## TASK GOAL
Copy nothing but the lines from the one containing "Collage van vier" through the last line of the entries below, exactly as written and without pictures.

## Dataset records

-.-.-

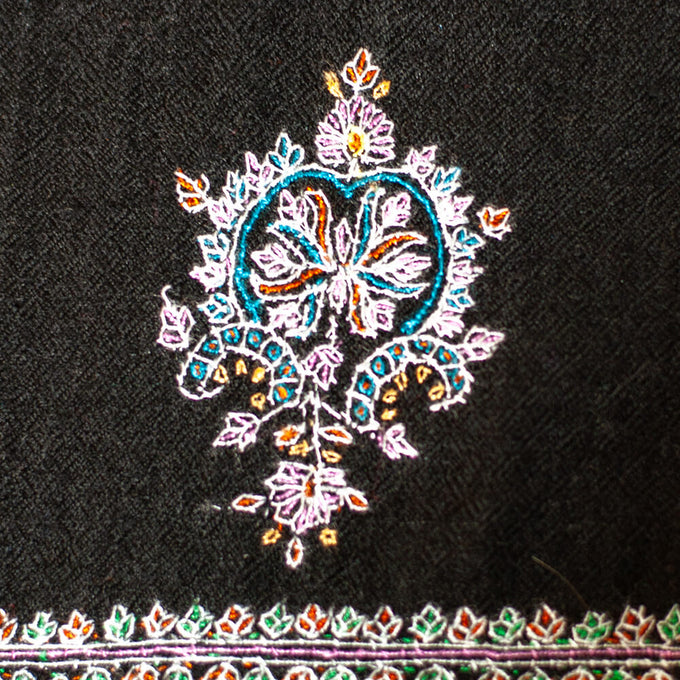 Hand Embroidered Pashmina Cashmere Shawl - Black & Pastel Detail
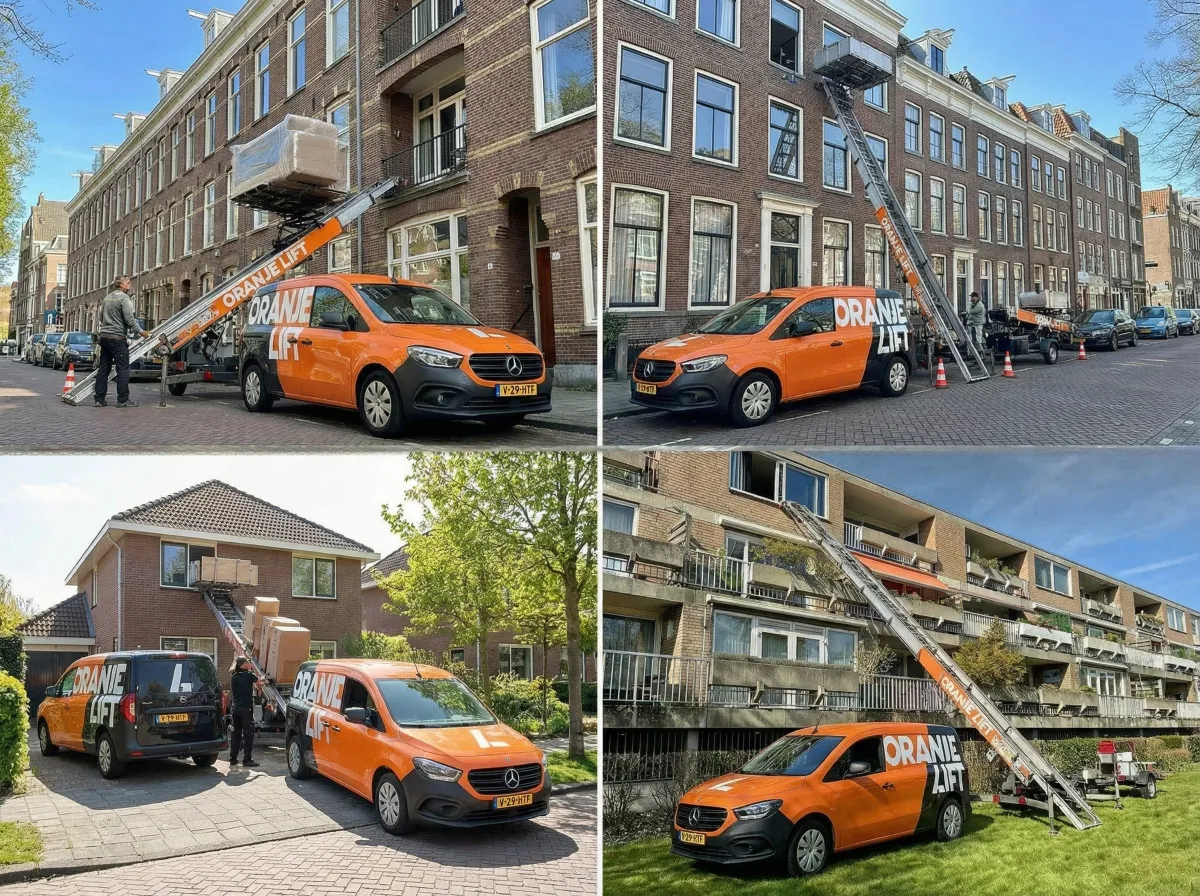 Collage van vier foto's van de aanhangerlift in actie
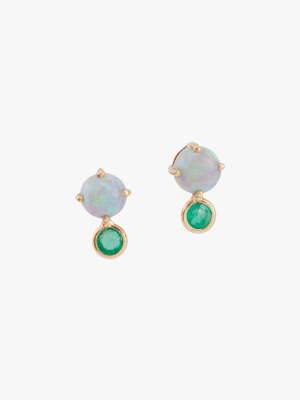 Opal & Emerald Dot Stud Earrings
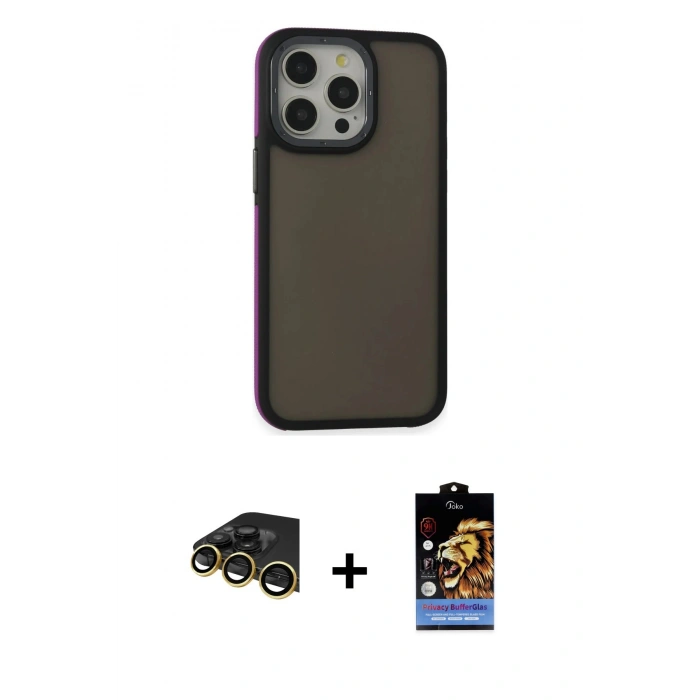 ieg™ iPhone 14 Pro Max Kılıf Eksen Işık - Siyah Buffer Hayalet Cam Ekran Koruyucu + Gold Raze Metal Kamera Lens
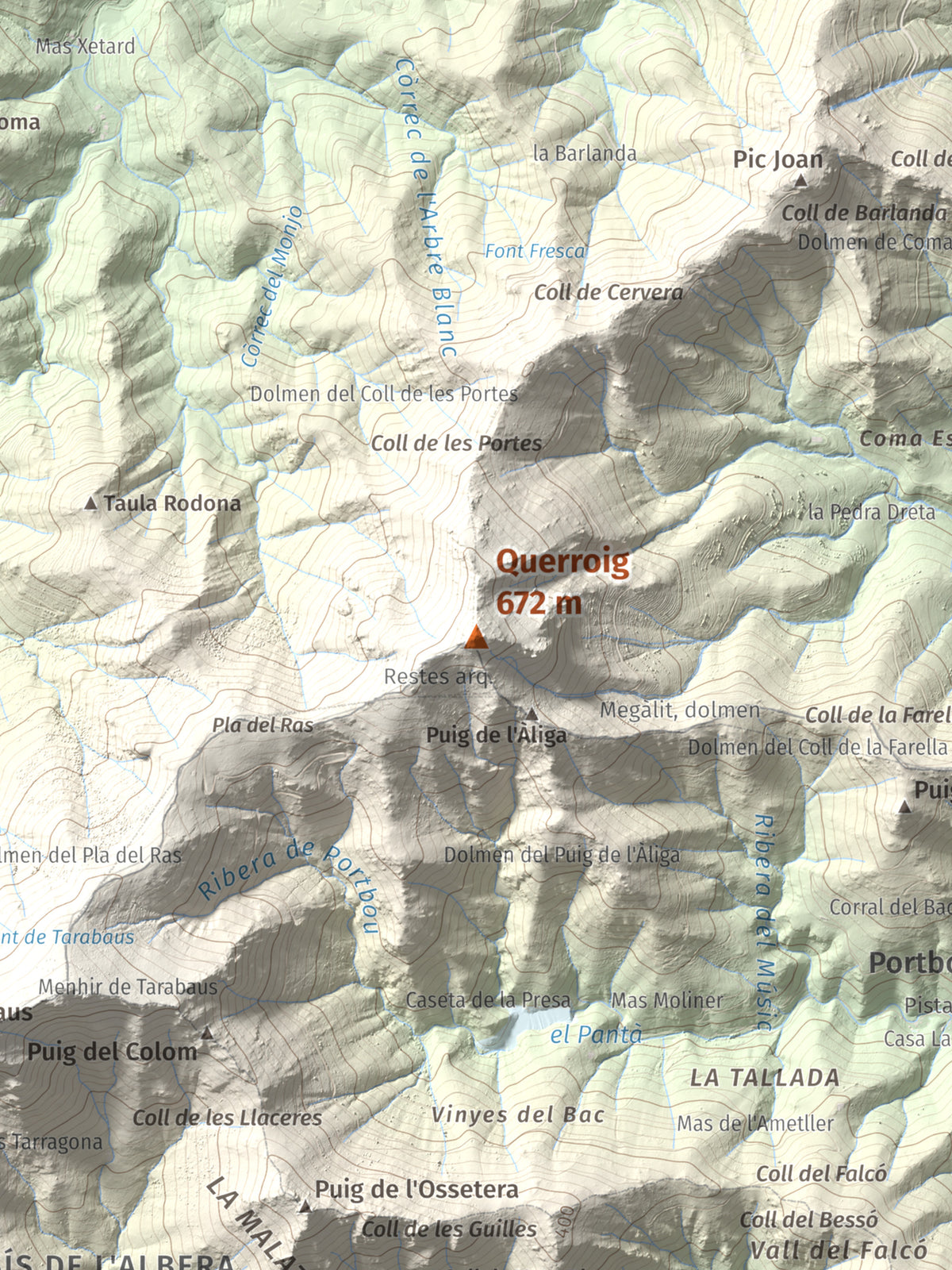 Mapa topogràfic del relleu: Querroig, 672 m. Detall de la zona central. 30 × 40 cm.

-.-.-

## RESULT OF THIS TASK
 Collage van vier foto's van de aanhangerlift in actie
 Opal & Emerald Dot Stud Earrings
 ieg™ iPhone 14 Pro Max Kılıf Eksen Işık - Siyah Buffer Hayalet Cam Ekran Koruyucu + Gold Raze Metal Kamera Lens
 Mapa topogràfic del relleu: Querroig, 672 m. Detall de la zona central. 30 × 40 cm.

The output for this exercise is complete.